Species of flowering plant

Boronia nematophylla is a plant in the citrus family Rutaceae and is endemic to the south-west of Western Australia. It is a shrub with thin, simple leaves and pale red to purple, four-petalled flowers arranged singly or in small groups in leaf axils.

==Description==
Boronia nematophylla is a shrub that grows to a height of 0.5-2 m and has slender, glabrous branches. The leaves are sessile, slender, more or less cylindrical and 10-30 mm long. The flowers are pale red to purple and arranged singly or in small groups in leaf axils on a pedicel about 4 mm long and that is thicker near the flower. The four sepals are egg-shaped or more or less round and 1.5-2 mm long. The four petals are about 8 mm long and glabrous. The eight stamens are woolly hairy. Flowering from June to November.

==Taxonomy and naming==
Boronia nematophylla was first formally described in 1860 by Ferdinand von Mueller and the description was published in Fragmenta phytographiae Australiae. The specific epithet (nematophylla) is derived from the Ancient Greek words nema meaning "thread" and phyllon meaning "leaf".

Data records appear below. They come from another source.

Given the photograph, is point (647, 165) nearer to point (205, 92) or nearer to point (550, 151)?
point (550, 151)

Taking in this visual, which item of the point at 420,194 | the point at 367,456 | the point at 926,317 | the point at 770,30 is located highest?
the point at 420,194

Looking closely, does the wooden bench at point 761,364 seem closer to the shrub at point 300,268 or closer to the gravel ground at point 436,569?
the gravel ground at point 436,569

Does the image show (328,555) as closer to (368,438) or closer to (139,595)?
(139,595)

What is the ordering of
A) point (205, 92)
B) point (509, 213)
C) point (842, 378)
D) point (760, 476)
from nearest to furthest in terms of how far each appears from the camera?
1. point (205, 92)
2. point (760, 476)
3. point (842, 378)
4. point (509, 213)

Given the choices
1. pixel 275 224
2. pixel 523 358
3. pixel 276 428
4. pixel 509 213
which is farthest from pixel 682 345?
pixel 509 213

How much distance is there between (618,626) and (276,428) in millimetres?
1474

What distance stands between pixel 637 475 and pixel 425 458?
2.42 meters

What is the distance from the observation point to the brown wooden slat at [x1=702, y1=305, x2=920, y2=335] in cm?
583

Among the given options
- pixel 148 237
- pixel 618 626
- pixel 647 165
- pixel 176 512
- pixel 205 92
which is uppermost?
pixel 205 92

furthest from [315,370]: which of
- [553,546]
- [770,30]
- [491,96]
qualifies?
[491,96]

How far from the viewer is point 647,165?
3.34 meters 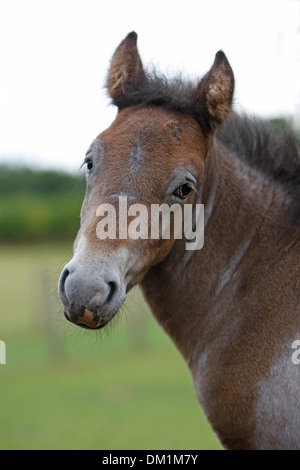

==Distribution and habitat==
This boronia grows in sandy woodland from Collie to Walpole and east to Esperance in the Avon Wheatbelt, Esperance Plains, Jarrah Forest and Warren biogeographic regions of Western Australia.

==Conservation==
Boronia nematophylla is listed as "not threatened" by the Government of Western Australia Department of Parks and Wildlife.